_SOURCE DATA_
—————

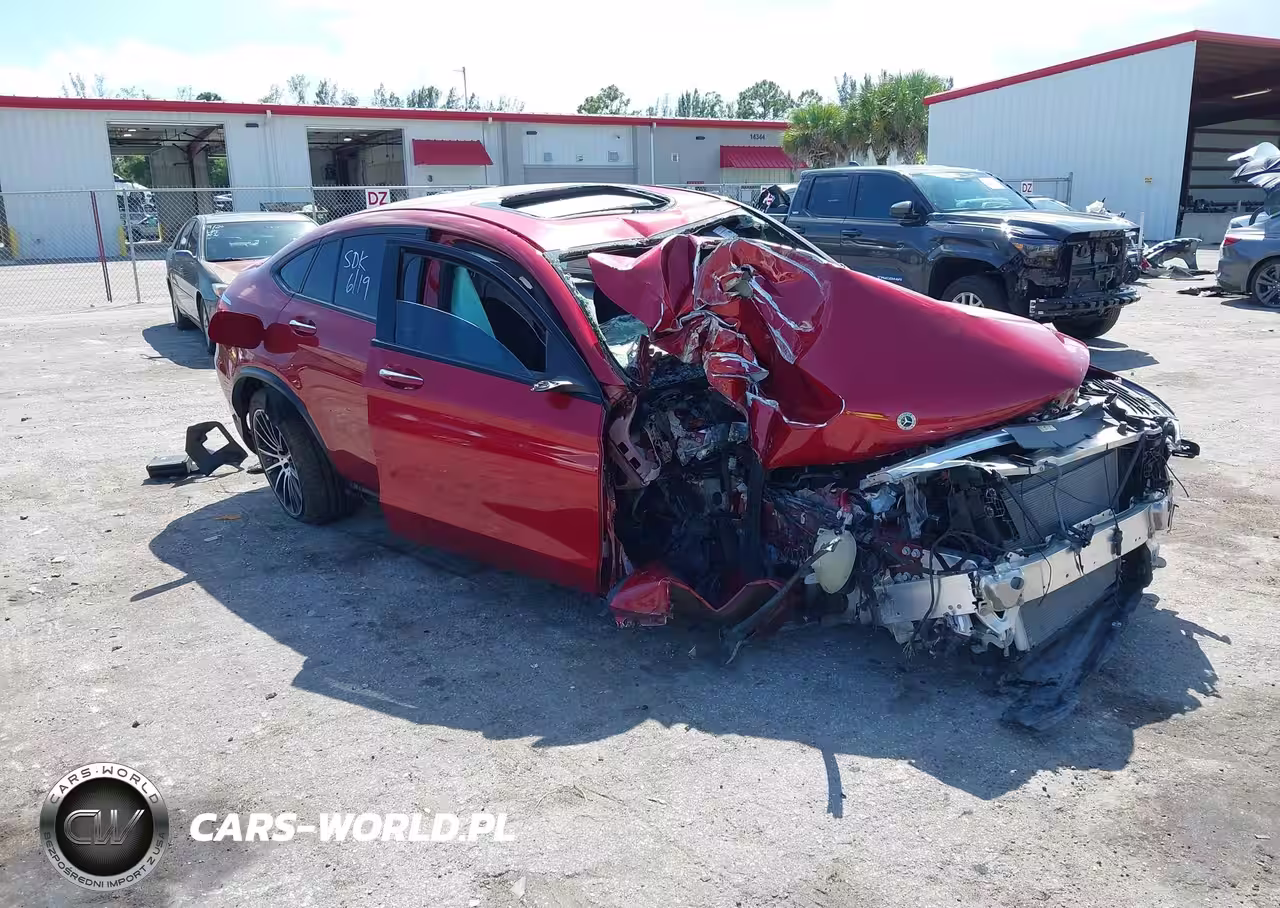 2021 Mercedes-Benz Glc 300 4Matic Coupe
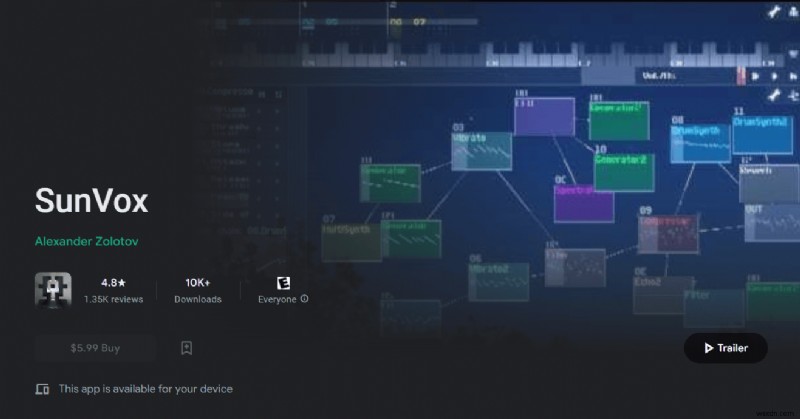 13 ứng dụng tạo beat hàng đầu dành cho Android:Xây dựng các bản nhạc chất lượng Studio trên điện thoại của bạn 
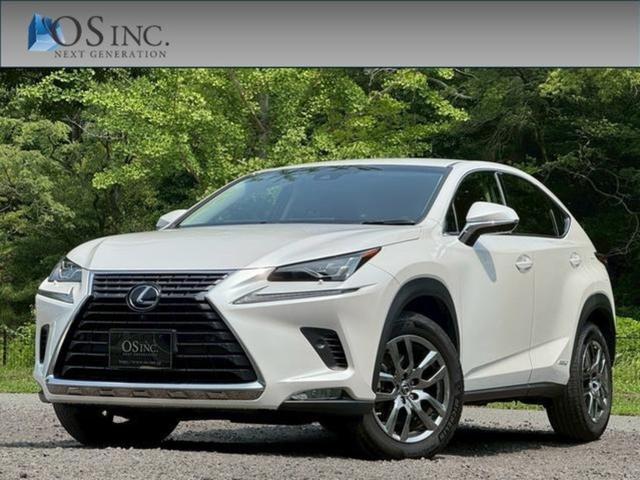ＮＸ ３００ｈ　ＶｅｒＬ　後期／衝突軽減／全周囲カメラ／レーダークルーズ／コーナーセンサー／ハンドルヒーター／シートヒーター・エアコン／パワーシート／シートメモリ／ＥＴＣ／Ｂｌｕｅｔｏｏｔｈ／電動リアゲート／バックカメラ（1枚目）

—————

_AIM OF THE TASK_
Any picture in the listing above gets left out; output the rest exactly.

_SOLUTION FOR THIS EXERCISE_
 2021 Mercedes-Benz Glc 300 4Matic Coupe
 13 ứng dụng tạo beat hàng đầu dành cho Android:Xây dựng các bản nhạc chất lượng Studio trên điện thoại của bạn 
ＮＸ ３００ｈ　ＶｅｒＬ　後期／衝突軽減／全周囲カメラ／レーダークルーズ／コーナーセンサー／ハンドルヒーター／シートヒーター・エアコン／パワーシート／シートメモリ／ＥＴＣ／Ｂｌｕｅｔｏｏｔｈ／電動リアゲート／バックカメラ（1枚目）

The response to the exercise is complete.